Scraped caption text data —

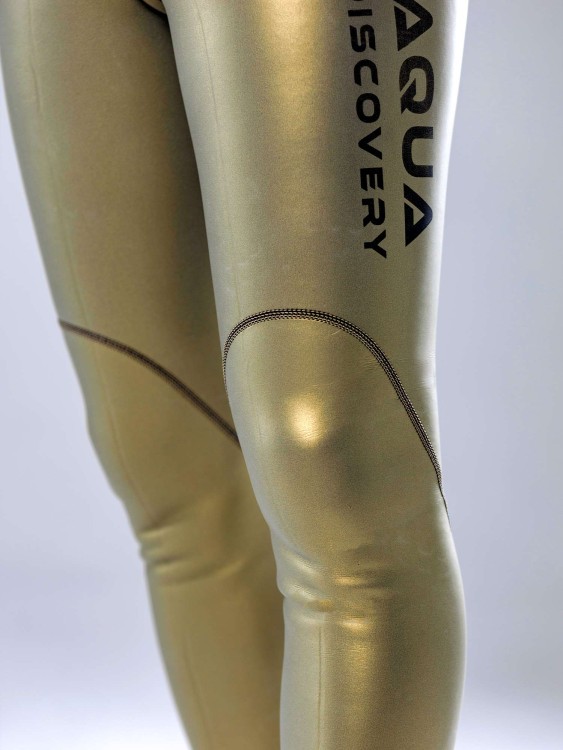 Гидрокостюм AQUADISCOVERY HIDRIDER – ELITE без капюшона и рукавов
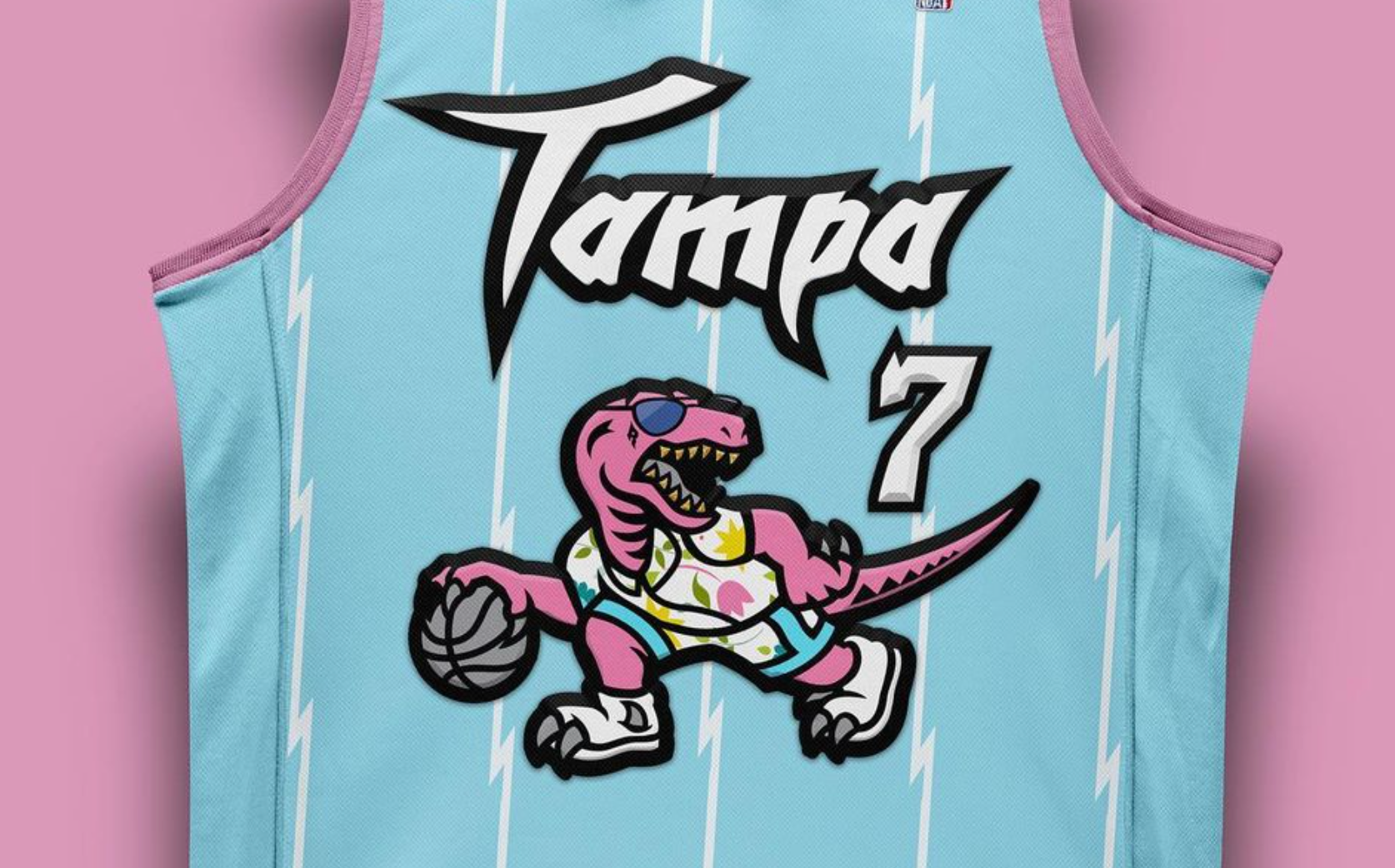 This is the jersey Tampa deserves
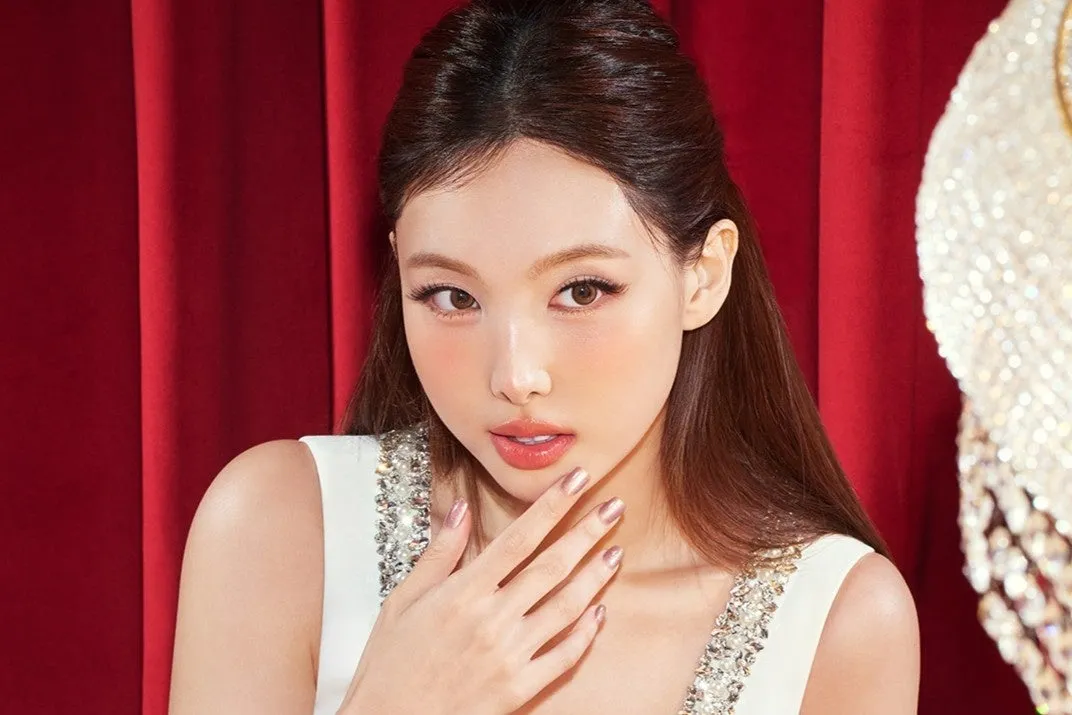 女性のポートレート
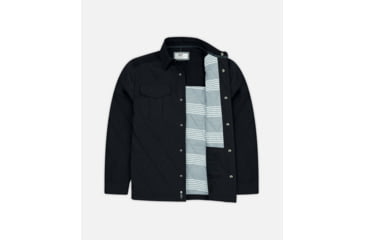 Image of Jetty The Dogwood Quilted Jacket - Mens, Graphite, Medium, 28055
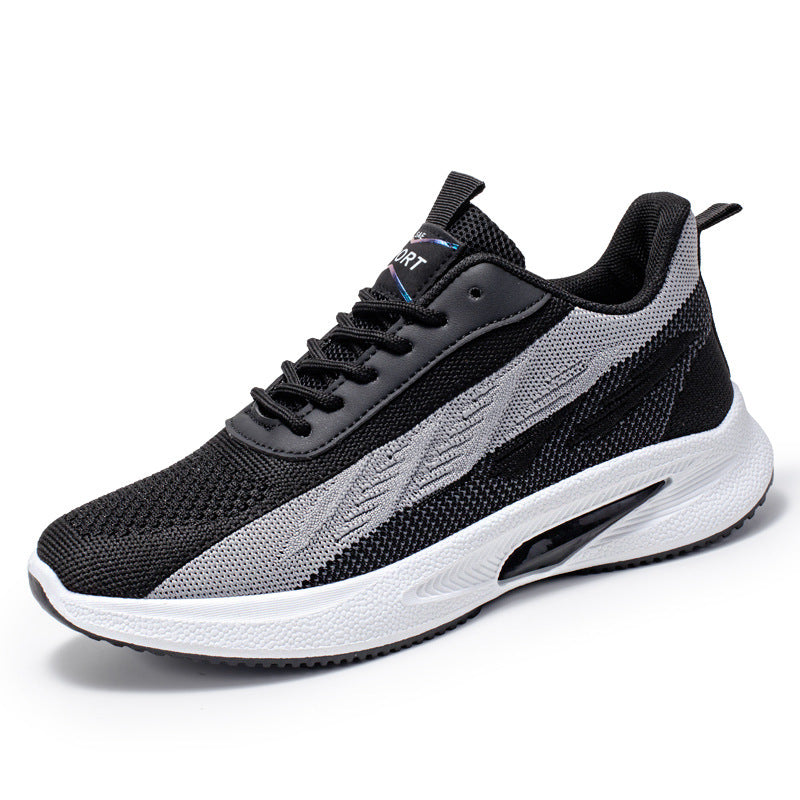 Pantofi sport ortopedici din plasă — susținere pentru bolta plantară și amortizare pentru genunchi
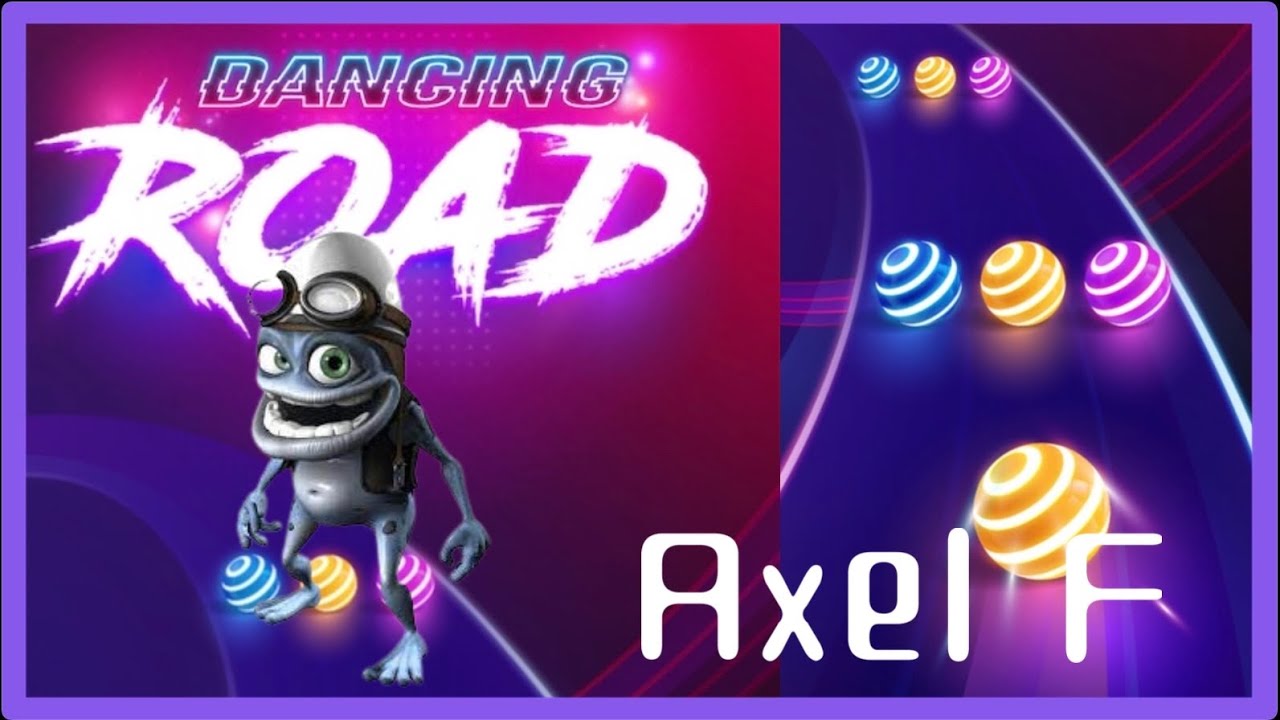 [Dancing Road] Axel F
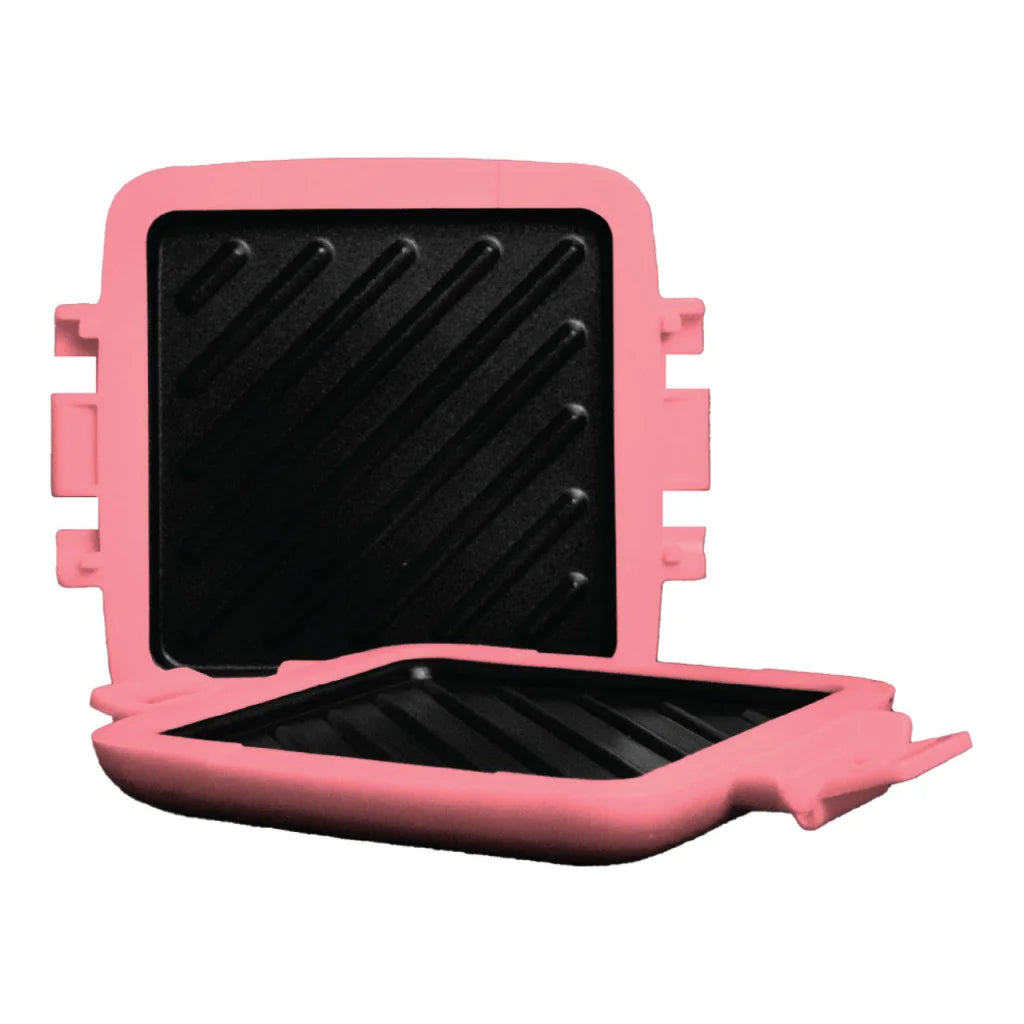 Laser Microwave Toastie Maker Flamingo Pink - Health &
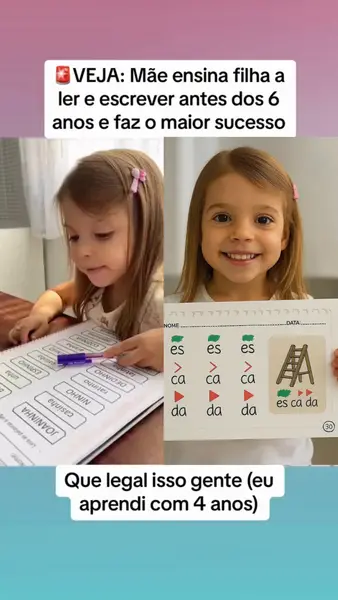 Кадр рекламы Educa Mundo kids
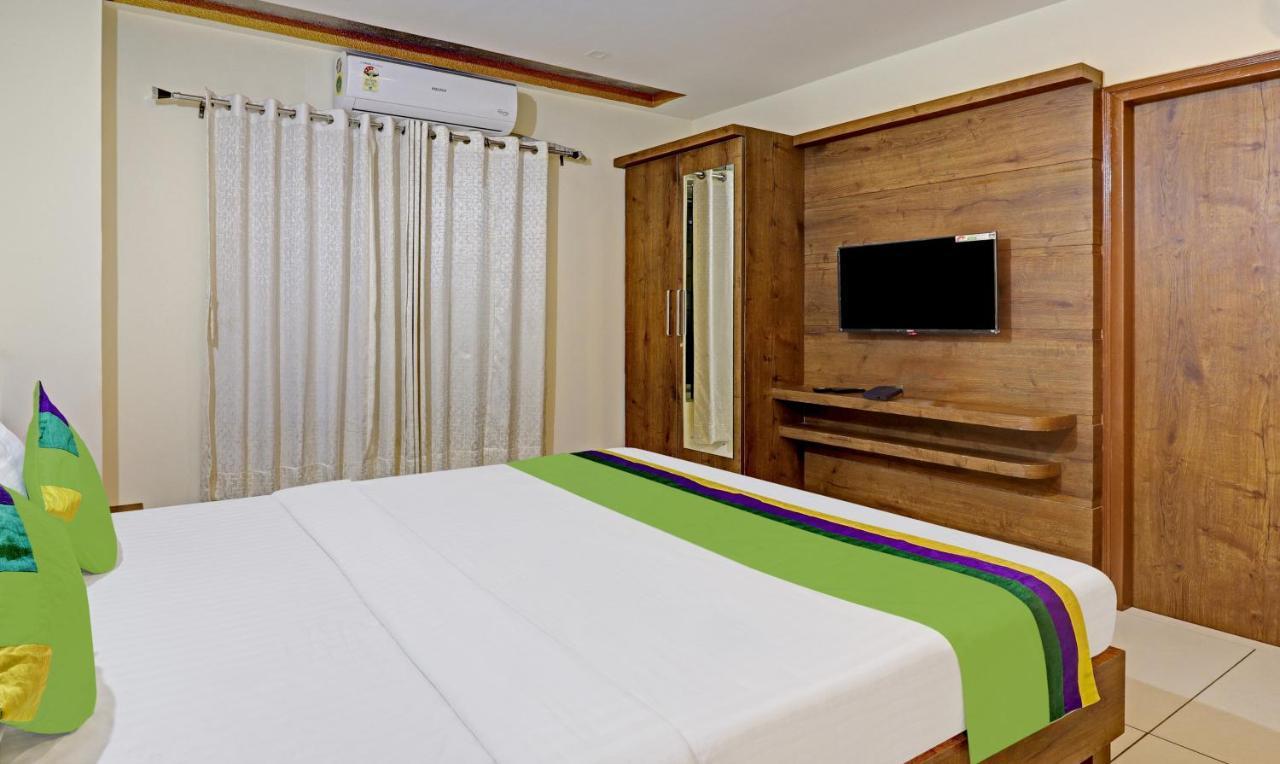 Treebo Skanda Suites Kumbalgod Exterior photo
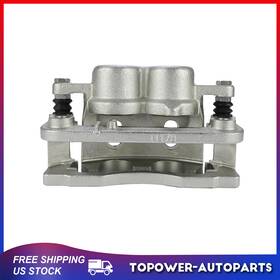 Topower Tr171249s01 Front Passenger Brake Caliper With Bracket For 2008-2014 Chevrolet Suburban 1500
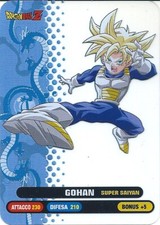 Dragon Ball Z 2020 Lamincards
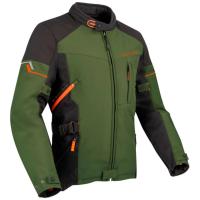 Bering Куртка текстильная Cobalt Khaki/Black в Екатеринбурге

ASSIGNMENT —
The lines to copy begin at the one containing "Pantofi sport ortopedici" and end at the last line of the records. Set down exactly those lines and no others, both ends included, and omit all pictures.

EXERCISE OUTPUT —
 Pantofi sport ortopedici din plasă — susținere pentru bolta plantară și amortizare pentru genunchi
 [Dancing Road] Axel F
 Laser Microwave Toastie Maker Flamingo Pink - Health &
 Кадр рекламы Educa Mundo kids
 Treebo Skanda Suites Kumbalgod Exterior photo
 Topower Tr171249s01 Front Passenger Brake Caliper With Bracket For 2008-2014 Chevrolet Suburban 1500
 Dragon Ball Z 2020 Lamincards
 Bering Куртка текстильная Cobalt Khaki/Black в Екатеринбурге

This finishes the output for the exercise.